Graph Data Science at scale with Neo4j clusters and Hume
by Fabio Montagna
· 13 min read
Only a few things are more satisfying for a graph data scientist than playing with Neo4j Graph Data Science library algorithms, most probably running them in production and at scale. Possibly also using them to fight against scammers and fraudsters that every day threatens your business.
A key element in fighting scams and frauds is the Account Association. It is crucial to know if an account belongs to a legitimate user or is part of a set of accounts used by malicious users to circumvent your anti-fraud and anti-scam measures.
This image shows how a few, apparently unrelated, bank account holders actually share some properties. This can be even more explicit if we materialize the properties as nodes and we connect accounts through them:
In this example, Robert is directly connected to Megan but also indirectly connected to Hilda and John.

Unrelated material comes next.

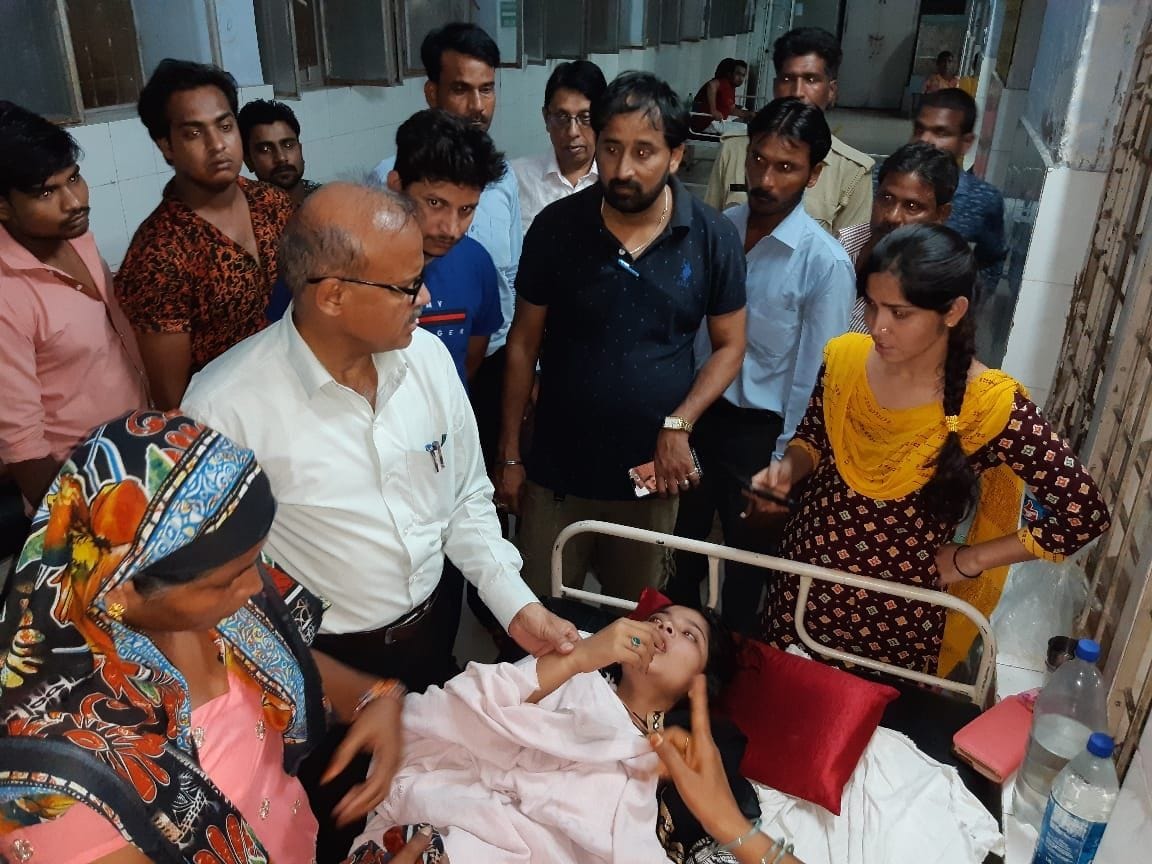 reaction of injection in district hospital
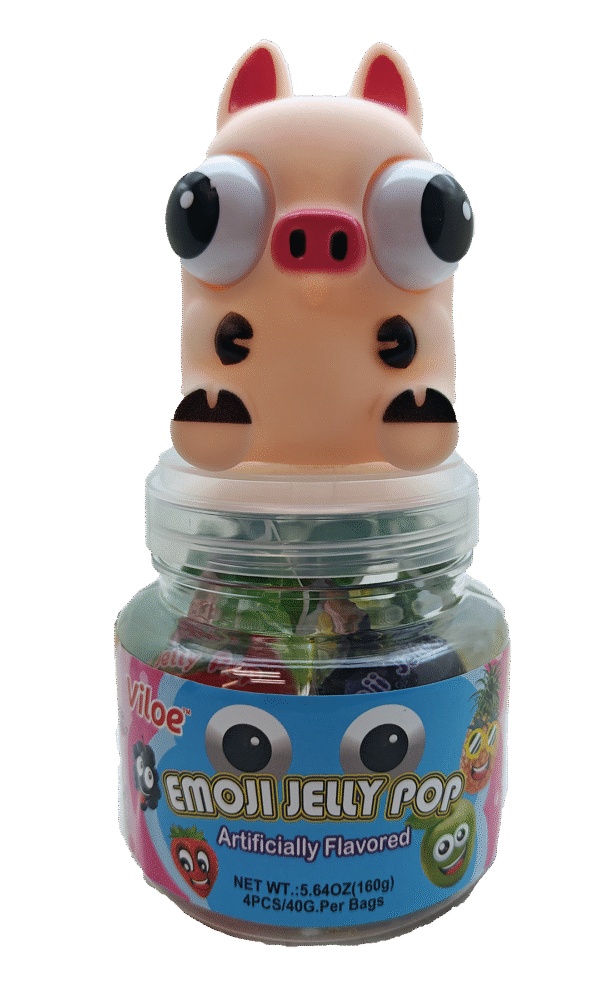 Emoji Jelly Pop - 15 Jars/case (5.64oz) - Image 20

Fraudsters and scammers will actively try to hide these kinds of relationships by faking email addresses and phone numbers or altering the shipping address slightly.
On the other hand, the more properties are available to connect people, the lower the chances that they will manage to alter or hide them all.
Moreover, graphs make it easy to spot indirect connections. This leaves an even smaller hiding surface for adversaries, especially when they try to scale their activities.
GDS gives us different options for clustering accounts that share some direct or indirect connections. All these algorithms fall under the Community Detection category, let’s explore some of them.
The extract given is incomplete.